Directions for this task → All of the data goes into your copy exactly as written. Images do not.

※

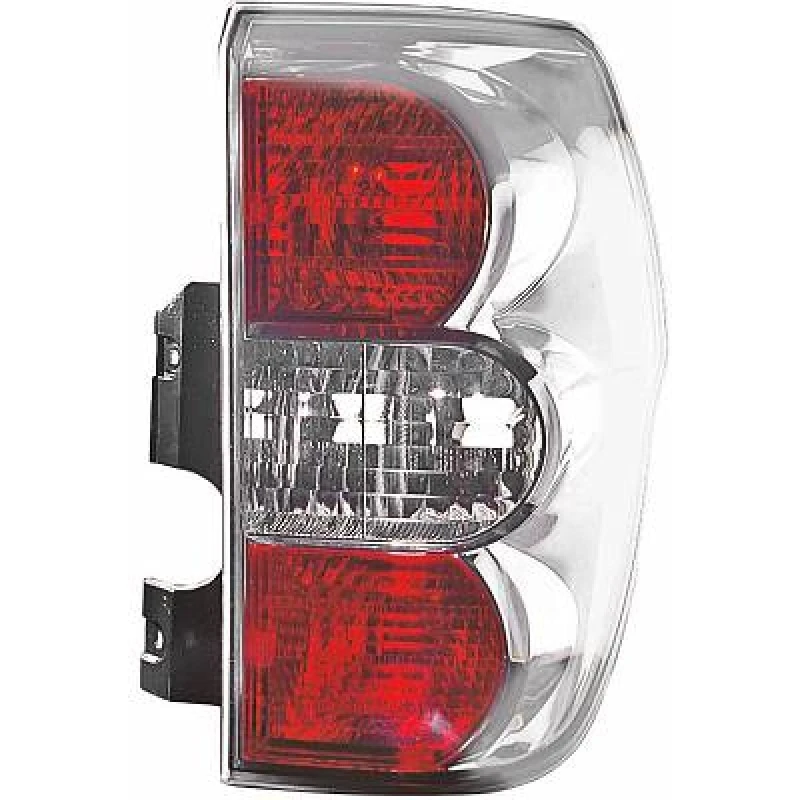 Image of DIEDERICHS 6433091 Rear light Left, W16W Combination Rearlight (391)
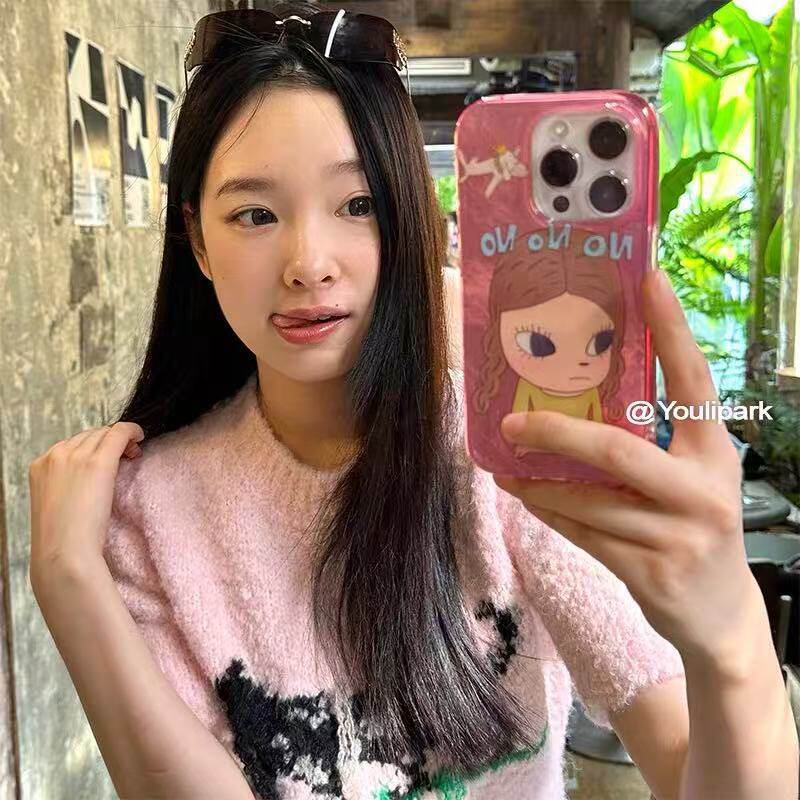 Yoshitomo Nara Girl Thích Hợp Cho Meizu 21note Vỏ Điện Thoại Meizu 20pro Vỏ Bảo Vệ Phong Cách Mới Me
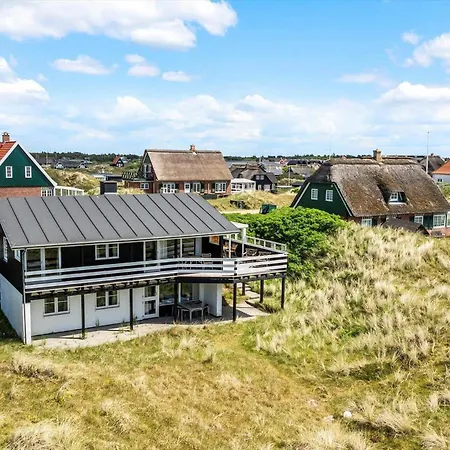 Fan037-fano-kystvejen-23 Casa de Férias *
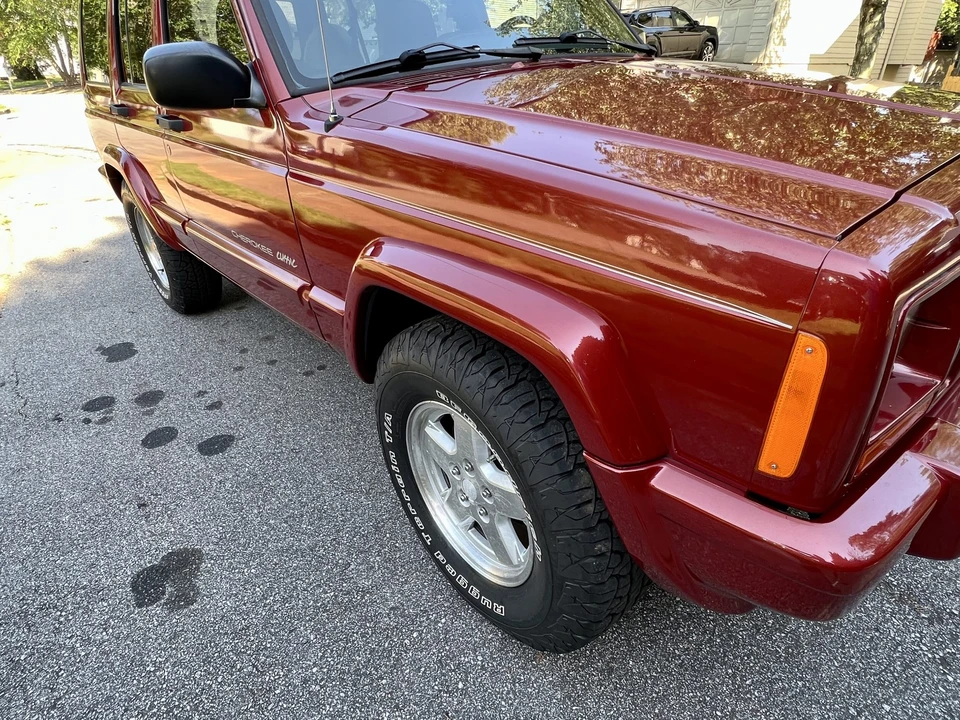1998 Jeep XJ Cherokee - Image 20 of 31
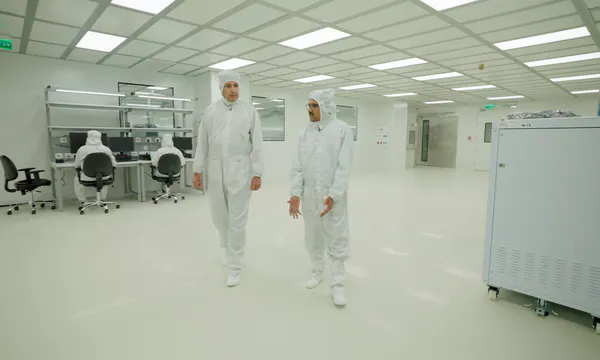 Semiconductor Fab and Manufacturing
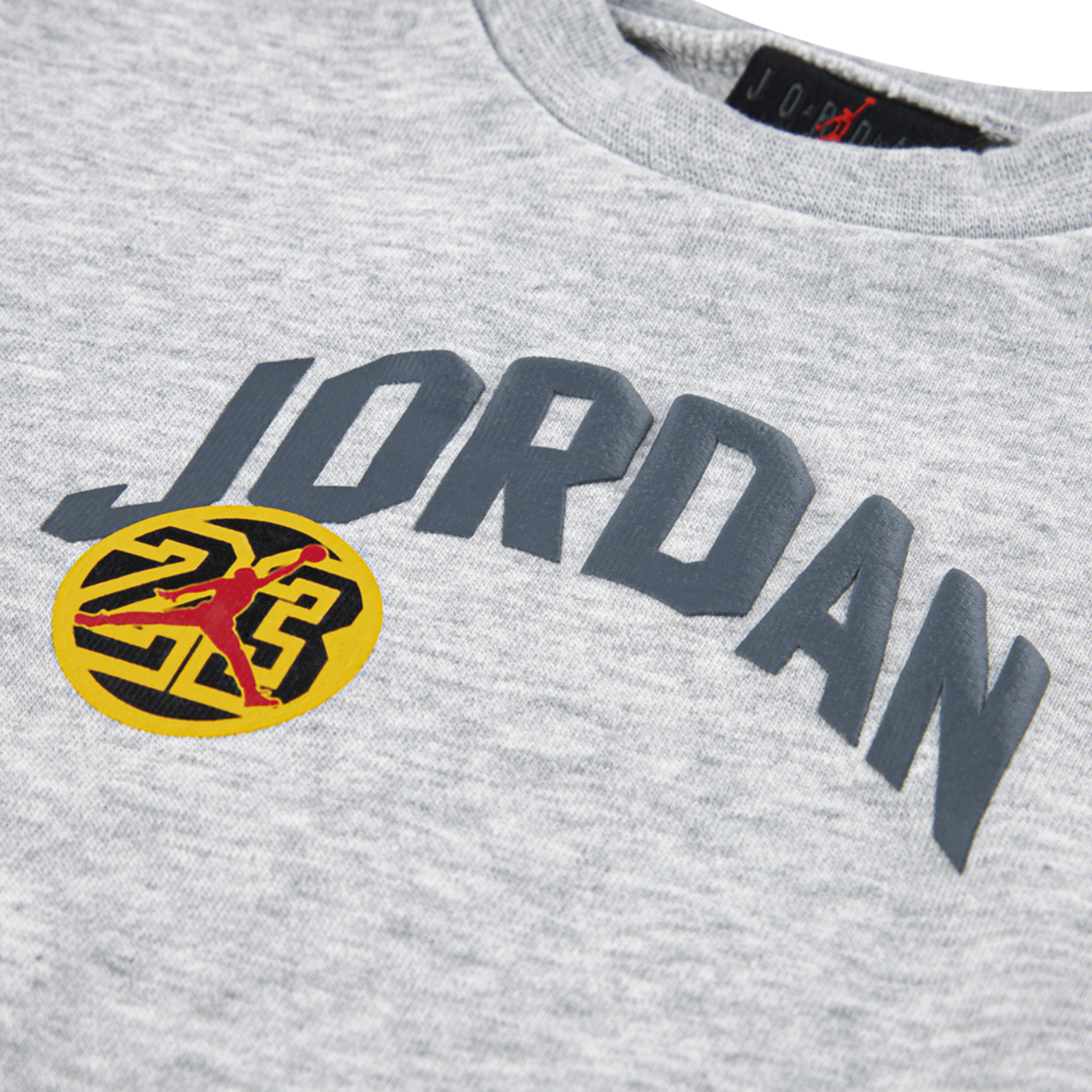 Jordan Dynasty Fleece Crew Set  Image 3 of 5. Tap to open photo gallery.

※

Output below →
 Image of DIEDERICHS 6433091 Rear light Left, W16W Combination Rearlight (391)
 Yoshitomo Nara Girl Thích Hợp Cho Meizu 21note Vỏ Điện Thoại Meizu 20pro Vỏ Bảo Vệ Phong Cách Mới Me
 Fan037-fano-kystvejen-23 Casa de Férias *
1998 Jeep XJ Cherokee - Image 20 of 31
 Semiconductor Fab and Manufacturing
 Jordan Dynasty Fleece Crew Set  Image 3 of 5. Tap to open photo gallery.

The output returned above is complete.